What this task involves:
Data follows below. Repeat exactly the lines between the line holding "Girls Will Be" and the line holding "穏やかな静かな美しい平和な蓮の花 名刺 (裏面)", inclusive, and nothing more; drop pictures.

Data provided:
━━━

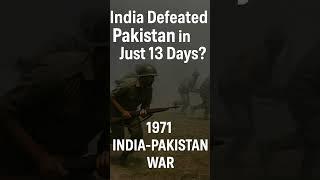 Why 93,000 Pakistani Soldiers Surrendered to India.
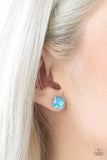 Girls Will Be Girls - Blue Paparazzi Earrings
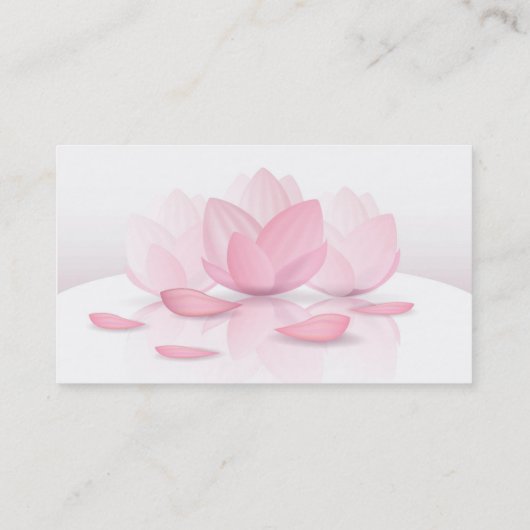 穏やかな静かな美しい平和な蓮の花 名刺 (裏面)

━━━

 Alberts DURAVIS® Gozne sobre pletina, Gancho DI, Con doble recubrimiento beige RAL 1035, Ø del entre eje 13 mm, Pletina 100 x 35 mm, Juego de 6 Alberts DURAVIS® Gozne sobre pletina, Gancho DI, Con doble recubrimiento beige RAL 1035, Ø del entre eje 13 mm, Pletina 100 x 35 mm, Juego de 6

━━━

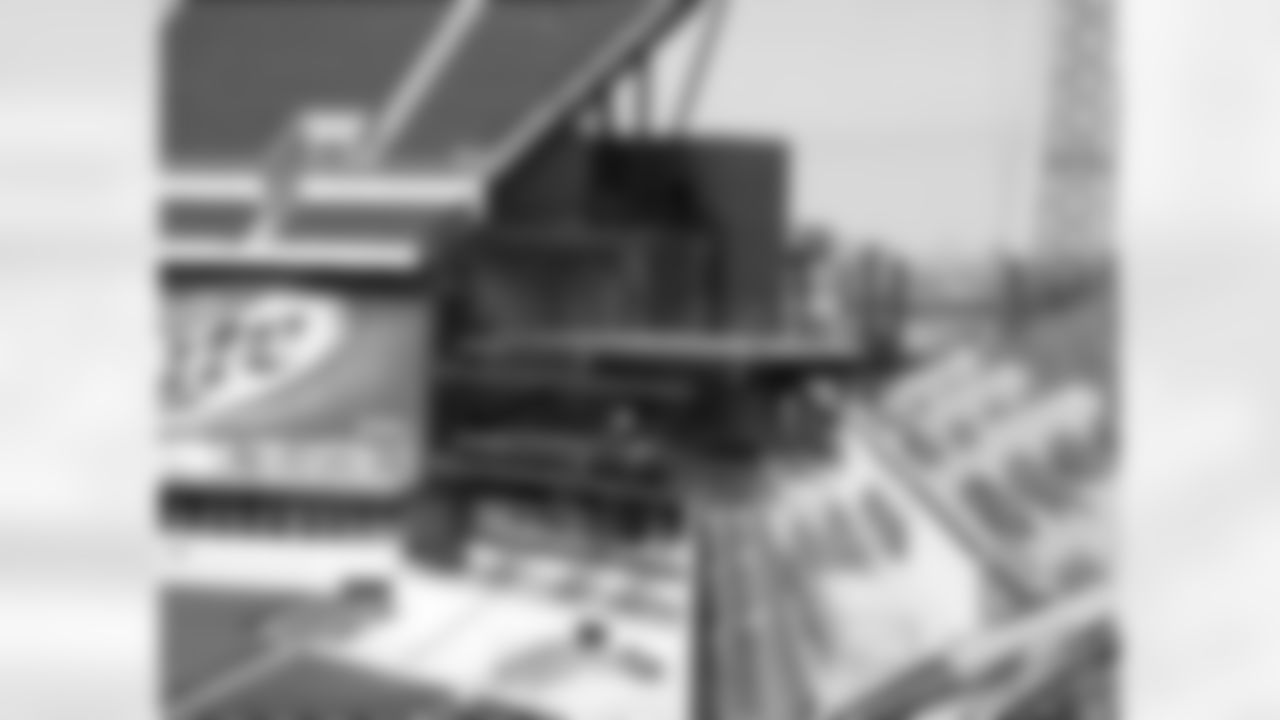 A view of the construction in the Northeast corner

━━━

Result:
 Girls Will Be Girls - Blue Paparazzi Earrings
 穏やかな静かな美しい平和な蓮の花 名刺 (裏面)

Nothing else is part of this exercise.